侧手的云梦使臣程璘躬身离席,走到殿中央,
盛尧吓了一跳,赶紧直起身,抄过面前酒盏,惊恐地瞄一眼这满满当当两排俊彦:“程从事……这、这?”
程璘手捧牙笏,向盛尧深深一拜。
“殿下,昔年周室王纲解纽,王子朝兵败,率召氏之族与周室旧臣,奉周之典籍雅乐以奔楚。正所谓‘天子失官,学在四夷’。我江汉之地,数百年来,为中原保全最纯正的成周大雅。”

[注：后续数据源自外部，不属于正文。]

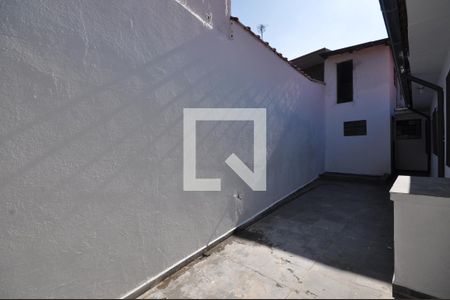 Casa para alugar com 160m², 3 quartos e 2 vagasQuintal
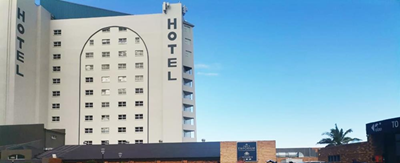 Geniet 'n personeelkonsert by Diaz Hotel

程璘左右环视殿中,捋着胡须,生怕显出这礼物送得下作:
“今日殿下戡平西川,夙夜忧叹,劳苦功高,奈何自古无女主受国之仪礼。”
诸人目光在漂亮得过分的乐师、云梦使臣,以及上位正僵硬成石像的皇太女之间来回打转。
程璘丝毫不惧:“我主楚公因此还乐于朝。选楚地乐官俊才一十六人,此乃苦心培养的典乐卿子。特奉送于殿下。祈望为殿下正风雅,安寝馈,平四海,教化蛮荒。”
牙笏一举,慷慨陈词,将一桩买卖说得极尽高大庄严。
“唯愿殿下燕居之时,能闻此正音,有斯人奉案洒扫,以解宵旰之劳。此刻为殿下奏《鹿鸣》、歌《四牡》、和《皇皇者华》,愿殿下君臣相得,千秋万岁!”
话音刚落,殿中拜舞,四面钟鼓管磬大作。
盛尧崩溃了。
两侧的众臣却寂静了足足三个呼吸。
亘古未有女君当国。这位南边的楚公,显然是在“如何与女君结好”这个前无古人的大难题上,下了一番苦较功夫。
古往今来,公卿刺史乃至天子交际,互赠伎乐美姬,乃是心照不宣的高雅政治规矩。借送礼之名,行安插眼线耳目、乃至乱其心智之实。
可如今这储君……或者说主君之位上,坐着的是个女孩儿啊!
送美姬自然不可能;送武夫,有行刺之嫌;若送那轻浮男宠,不仅是侮辱皇家体统,也是授谢巡以口实,搞不好还要被冠上秽乱朝纲的罪名发兵来讨。
老于世故的楚公显然也很抓瞎,不知该如何拿捏这等千古未有之局,但这可是连“美人换马”这种事情都干得出来的绝顶妙人。